DATA EXTRACT section start

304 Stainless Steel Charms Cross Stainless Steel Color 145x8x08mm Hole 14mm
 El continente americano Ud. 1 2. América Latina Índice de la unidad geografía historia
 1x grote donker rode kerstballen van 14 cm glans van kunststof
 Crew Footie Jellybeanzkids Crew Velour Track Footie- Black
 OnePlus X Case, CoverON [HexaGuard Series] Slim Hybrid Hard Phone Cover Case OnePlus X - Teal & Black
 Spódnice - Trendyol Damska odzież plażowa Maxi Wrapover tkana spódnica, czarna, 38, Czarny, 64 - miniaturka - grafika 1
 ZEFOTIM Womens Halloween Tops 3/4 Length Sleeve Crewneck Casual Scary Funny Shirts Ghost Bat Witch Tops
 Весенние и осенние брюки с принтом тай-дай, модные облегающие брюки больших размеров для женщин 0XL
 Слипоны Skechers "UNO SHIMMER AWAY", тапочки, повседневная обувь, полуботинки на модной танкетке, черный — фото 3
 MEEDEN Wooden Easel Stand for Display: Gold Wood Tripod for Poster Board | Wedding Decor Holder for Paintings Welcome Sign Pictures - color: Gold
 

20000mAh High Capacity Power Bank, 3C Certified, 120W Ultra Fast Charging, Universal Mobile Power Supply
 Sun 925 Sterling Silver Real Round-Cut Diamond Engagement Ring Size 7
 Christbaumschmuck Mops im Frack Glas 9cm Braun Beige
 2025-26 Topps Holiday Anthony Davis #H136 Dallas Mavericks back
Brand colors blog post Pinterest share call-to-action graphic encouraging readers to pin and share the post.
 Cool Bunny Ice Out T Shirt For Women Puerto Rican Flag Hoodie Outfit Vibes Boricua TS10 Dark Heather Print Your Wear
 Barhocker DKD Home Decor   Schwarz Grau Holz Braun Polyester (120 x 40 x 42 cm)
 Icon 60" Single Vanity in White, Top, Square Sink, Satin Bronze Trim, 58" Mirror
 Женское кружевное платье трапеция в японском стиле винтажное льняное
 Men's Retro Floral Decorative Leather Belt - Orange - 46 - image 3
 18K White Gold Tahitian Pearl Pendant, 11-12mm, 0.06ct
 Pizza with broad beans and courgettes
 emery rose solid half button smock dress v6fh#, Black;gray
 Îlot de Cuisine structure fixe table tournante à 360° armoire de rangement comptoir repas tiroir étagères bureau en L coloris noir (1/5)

DATA EXTRACT section end

• WORK TASK: Return exactly the lines above from the line that has "MEEDEN Wooden Easel" through the line that has "18K White Gold", inclusive, and nothing else.

• RESPONSE AREA:
 MEEDEN Wooden Easel Stand for Display: Gold Wood Tripod for Poster Board | Wedding Decor Holder for Paintings Welcome Sign Pictures - color: Gold
 

20000mAh High Capacity Power Bank, 3C Certified, 120W Ultra Fast Charging, Universal Mobile Power Supply
 Sun 925 Sterling Silver Real Round-Cut Diamond Engagement Ring Size 7
 Christbaumschmuck Mops im Frack Glas 9cm Braun Beige
 2025-26 Topps Holiday Anthony Davis #H136 Dallas Mavericks back
Brand colors blog post Pinterest share call-to-action graphic encouraging readers to pin and share the post.
 Cool Bunny Ice Out T Shirt For Women Puerto Rican Flag Hoodie Outfit Vibes Boricua TS10 Dark Heather Print Your Wear
 Barhocker DKD Home Decor   Schwarz Grau Holz Braun Polyester (120 x 40 x 42 cm)
 Icon 60" Single Vanity in White, Top, Square Sink, Satin Bronze Trim, 58" Mirror
 Женское кружевное платье трапеция в японском стиле винтажное льняное
 Men's Retro Floral Decorative Leather Belt - Orange - 46 - image 3
 18K White Gold Tahitian Pearl Pendant, 11-12mm, 0.06ct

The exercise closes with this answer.